* **Task input**:
■ ■ ■ ■ ■

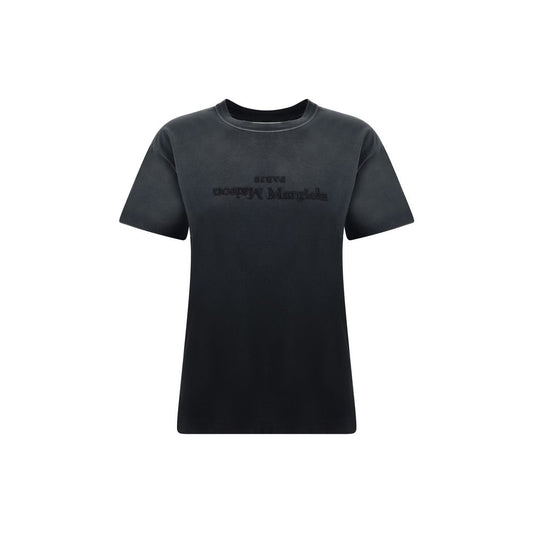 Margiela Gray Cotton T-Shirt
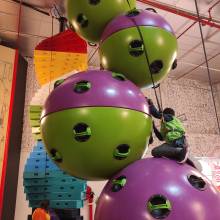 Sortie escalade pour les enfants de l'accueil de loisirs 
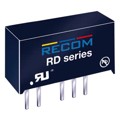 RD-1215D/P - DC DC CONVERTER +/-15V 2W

■ ■ ■ ■ ■

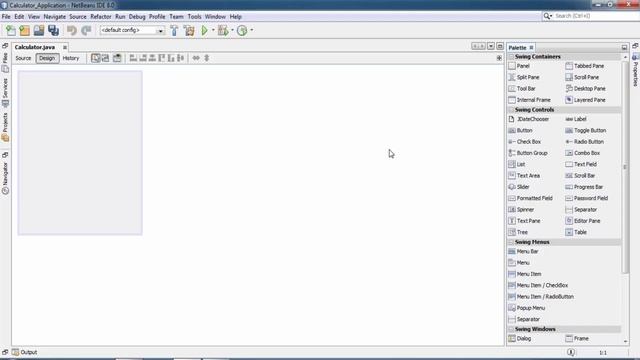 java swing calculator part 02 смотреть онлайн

■ ■ ■ ■ ■

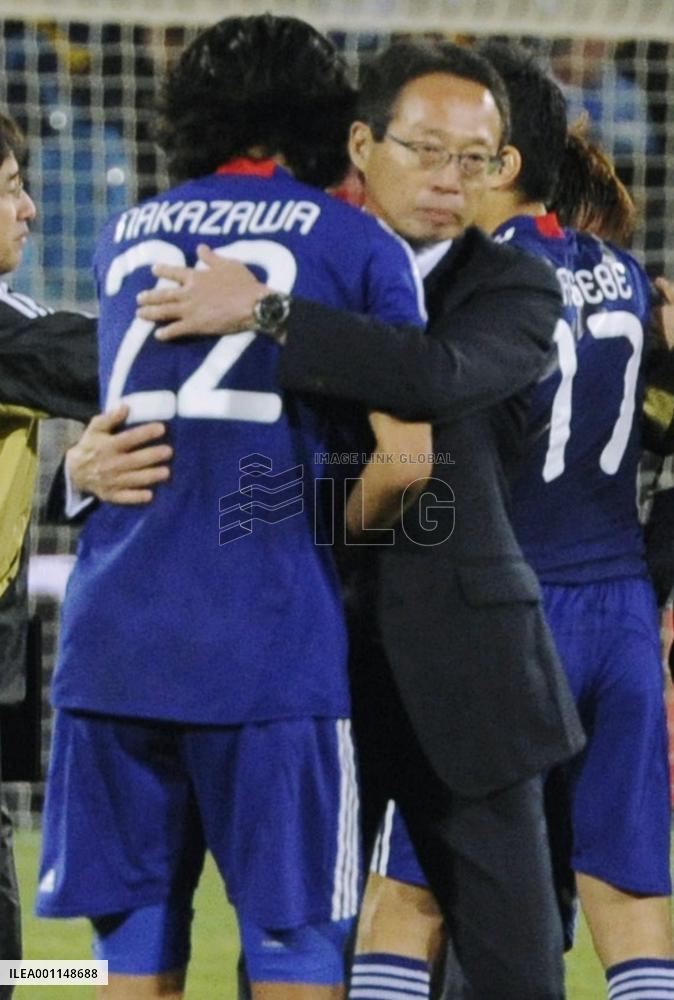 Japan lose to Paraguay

■ ■ ■ ■ ■

* **What is expected**: A word-for-word reproduction is needed of the lines above from the line containing "Sortie escalade pour" through the line containing "RD-1215D/P - DC DC CONVERTER +/-15V 2W", with both ends kept and no pictures.

* **Answer for the task**:
 Sortie escalade pour les enfants de l'accueil de loisirs 
 RD-1215D/P - DC DC CONVERTER +/-15V 2W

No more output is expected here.